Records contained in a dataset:
********************

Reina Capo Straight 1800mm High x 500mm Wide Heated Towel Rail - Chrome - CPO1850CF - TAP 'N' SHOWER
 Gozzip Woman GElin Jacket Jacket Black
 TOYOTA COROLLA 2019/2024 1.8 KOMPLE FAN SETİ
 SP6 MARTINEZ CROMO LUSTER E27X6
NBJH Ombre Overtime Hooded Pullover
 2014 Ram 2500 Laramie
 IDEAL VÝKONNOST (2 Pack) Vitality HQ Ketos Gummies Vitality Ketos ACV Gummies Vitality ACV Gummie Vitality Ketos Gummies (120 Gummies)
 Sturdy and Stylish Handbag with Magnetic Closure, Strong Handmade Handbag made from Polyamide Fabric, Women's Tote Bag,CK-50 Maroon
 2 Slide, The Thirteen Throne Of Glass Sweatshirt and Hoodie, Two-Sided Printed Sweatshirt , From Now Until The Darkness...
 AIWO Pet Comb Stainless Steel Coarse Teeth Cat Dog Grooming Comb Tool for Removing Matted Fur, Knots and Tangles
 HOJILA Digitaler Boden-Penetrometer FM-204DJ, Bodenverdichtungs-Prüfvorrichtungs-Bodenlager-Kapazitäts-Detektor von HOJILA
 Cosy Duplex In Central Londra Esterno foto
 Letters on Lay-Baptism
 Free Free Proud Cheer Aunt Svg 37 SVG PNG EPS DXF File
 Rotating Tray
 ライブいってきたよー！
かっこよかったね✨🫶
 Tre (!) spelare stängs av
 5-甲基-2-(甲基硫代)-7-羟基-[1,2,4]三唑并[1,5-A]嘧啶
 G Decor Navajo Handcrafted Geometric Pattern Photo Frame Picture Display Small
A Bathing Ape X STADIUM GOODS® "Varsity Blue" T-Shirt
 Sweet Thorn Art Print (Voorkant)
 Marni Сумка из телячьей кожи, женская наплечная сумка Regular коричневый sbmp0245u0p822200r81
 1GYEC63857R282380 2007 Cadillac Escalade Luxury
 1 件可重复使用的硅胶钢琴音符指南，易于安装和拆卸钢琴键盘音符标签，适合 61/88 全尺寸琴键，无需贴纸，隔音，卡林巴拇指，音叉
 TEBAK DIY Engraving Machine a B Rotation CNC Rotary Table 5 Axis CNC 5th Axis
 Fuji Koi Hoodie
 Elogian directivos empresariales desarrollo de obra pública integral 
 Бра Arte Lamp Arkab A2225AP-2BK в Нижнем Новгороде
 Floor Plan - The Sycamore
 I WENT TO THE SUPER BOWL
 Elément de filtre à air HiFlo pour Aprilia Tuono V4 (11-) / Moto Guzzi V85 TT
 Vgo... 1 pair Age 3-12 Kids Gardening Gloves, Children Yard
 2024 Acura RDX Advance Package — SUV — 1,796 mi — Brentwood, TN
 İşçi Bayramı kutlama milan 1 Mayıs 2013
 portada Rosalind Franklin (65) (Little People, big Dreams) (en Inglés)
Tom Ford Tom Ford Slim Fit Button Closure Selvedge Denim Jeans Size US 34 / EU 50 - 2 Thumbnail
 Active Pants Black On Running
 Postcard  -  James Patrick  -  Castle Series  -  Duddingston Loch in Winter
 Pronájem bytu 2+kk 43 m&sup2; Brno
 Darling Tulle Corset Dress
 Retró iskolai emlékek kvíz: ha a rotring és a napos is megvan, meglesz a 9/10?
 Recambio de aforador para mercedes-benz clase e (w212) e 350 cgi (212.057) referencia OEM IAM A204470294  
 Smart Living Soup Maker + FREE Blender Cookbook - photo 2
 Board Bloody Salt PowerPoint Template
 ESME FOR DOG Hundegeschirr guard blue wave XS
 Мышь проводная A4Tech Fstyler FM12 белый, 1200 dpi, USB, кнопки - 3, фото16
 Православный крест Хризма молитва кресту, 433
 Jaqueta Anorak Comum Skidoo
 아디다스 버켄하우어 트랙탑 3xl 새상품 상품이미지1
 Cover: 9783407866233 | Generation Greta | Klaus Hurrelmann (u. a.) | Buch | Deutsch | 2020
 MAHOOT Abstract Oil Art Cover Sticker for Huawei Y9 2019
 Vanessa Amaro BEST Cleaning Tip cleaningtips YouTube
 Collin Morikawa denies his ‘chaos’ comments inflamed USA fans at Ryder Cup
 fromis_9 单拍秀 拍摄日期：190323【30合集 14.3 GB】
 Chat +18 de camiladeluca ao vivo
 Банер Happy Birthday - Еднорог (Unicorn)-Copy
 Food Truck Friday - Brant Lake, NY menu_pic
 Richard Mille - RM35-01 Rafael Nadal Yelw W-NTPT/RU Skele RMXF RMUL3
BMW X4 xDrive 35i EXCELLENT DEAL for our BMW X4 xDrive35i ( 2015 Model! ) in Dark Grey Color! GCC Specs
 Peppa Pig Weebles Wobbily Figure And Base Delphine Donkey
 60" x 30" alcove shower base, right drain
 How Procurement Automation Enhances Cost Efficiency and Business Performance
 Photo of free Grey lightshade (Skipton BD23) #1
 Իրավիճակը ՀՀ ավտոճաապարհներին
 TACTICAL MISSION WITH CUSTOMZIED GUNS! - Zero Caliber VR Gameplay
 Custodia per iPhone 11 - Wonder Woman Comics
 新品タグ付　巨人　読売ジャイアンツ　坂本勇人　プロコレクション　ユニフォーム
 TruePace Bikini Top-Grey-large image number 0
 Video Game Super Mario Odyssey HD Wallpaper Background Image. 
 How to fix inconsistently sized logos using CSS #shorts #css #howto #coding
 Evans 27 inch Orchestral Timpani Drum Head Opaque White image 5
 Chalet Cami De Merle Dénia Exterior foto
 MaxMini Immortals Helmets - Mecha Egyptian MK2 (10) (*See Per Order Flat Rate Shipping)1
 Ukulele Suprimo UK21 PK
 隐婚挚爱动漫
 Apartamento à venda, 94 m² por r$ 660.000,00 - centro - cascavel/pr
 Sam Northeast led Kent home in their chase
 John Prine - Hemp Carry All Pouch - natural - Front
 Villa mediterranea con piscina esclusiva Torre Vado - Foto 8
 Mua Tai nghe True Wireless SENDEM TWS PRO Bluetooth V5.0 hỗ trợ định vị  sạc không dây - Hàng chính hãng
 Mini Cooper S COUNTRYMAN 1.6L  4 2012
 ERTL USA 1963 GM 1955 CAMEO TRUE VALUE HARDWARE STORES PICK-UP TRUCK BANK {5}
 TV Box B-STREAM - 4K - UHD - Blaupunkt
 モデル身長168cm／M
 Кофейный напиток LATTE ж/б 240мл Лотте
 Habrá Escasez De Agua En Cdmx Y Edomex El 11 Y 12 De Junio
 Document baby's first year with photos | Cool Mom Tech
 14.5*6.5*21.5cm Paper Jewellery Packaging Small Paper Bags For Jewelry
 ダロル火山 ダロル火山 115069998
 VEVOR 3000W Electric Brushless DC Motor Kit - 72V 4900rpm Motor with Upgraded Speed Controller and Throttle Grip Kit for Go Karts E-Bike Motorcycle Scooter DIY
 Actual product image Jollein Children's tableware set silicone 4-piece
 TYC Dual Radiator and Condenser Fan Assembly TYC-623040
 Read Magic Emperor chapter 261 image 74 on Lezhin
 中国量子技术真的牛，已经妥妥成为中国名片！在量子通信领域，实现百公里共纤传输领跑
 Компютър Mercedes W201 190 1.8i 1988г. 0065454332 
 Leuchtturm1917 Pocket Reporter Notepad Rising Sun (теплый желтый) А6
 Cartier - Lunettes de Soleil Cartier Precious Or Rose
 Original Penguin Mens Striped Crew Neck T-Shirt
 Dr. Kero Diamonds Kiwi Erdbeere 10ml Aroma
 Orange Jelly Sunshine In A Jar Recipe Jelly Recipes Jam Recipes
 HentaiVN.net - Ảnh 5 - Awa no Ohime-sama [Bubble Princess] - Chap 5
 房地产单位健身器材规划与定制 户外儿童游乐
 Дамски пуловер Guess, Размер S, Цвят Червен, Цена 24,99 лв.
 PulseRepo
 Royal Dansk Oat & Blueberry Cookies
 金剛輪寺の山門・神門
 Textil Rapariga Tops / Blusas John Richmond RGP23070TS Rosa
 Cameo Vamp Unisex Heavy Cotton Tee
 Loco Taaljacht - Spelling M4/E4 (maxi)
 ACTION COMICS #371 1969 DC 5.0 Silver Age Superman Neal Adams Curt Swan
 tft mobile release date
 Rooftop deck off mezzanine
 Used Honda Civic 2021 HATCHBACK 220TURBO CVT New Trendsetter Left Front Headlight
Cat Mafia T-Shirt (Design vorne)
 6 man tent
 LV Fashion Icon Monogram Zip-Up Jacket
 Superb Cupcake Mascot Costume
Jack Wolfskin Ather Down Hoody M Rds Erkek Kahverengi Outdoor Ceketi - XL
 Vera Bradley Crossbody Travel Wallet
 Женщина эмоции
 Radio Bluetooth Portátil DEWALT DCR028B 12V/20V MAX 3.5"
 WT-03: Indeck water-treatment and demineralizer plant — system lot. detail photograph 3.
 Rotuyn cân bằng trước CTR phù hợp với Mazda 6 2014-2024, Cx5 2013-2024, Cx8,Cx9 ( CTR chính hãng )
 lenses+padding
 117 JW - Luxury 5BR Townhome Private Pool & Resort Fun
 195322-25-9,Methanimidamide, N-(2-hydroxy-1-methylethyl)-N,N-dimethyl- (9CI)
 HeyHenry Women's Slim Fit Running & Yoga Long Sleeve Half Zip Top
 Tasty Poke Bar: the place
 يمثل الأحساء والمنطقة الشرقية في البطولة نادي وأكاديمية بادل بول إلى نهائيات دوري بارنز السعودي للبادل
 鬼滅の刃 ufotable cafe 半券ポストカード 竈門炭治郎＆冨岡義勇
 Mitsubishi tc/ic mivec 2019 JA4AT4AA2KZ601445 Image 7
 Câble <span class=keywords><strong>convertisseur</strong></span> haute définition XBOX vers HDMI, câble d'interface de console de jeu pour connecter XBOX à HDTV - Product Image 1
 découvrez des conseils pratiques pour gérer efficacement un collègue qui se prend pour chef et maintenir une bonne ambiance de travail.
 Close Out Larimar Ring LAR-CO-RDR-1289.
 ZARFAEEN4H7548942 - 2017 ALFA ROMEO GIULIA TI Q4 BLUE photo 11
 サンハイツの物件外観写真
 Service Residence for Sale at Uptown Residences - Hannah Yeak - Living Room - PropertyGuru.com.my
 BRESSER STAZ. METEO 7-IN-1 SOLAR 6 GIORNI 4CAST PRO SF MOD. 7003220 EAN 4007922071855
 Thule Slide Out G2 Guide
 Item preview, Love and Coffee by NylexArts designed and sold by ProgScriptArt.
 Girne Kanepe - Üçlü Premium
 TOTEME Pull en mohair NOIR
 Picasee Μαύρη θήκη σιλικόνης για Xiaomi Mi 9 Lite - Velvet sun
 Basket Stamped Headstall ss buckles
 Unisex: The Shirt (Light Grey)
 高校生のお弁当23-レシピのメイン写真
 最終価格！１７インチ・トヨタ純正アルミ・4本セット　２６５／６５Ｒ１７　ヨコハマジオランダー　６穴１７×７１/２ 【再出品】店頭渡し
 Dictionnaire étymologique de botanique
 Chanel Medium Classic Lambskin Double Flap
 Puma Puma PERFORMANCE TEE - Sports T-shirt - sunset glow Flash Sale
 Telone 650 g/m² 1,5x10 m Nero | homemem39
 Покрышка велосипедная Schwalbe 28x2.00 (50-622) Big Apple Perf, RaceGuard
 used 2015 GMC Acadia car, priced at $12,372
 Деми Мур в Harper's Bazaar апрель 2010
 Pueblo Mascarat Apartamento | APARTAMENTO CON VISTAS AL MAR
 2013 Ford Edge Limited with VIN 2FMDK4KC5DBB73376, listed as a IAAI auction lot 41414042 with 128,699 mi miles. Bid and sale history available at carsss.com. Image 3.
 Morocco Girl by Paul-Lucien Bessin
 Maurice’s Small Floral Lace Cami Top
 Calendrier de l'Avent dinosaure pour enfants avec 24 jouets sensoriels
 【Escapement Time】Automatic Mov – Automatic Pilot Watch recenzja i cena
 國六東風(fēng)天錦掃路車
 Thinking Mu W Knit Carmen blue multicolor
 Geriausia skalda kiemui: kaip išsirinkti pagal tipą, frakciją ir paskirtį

********************

▸ **EXERCISE**: Look through the records and gather every line containing "Jacket".

▸ **EXERCISE RESULT**:
 Gozzip Woman GElin Jacket Jacket Black
 LV Fashion Icon Monogram Zip-Up Jacket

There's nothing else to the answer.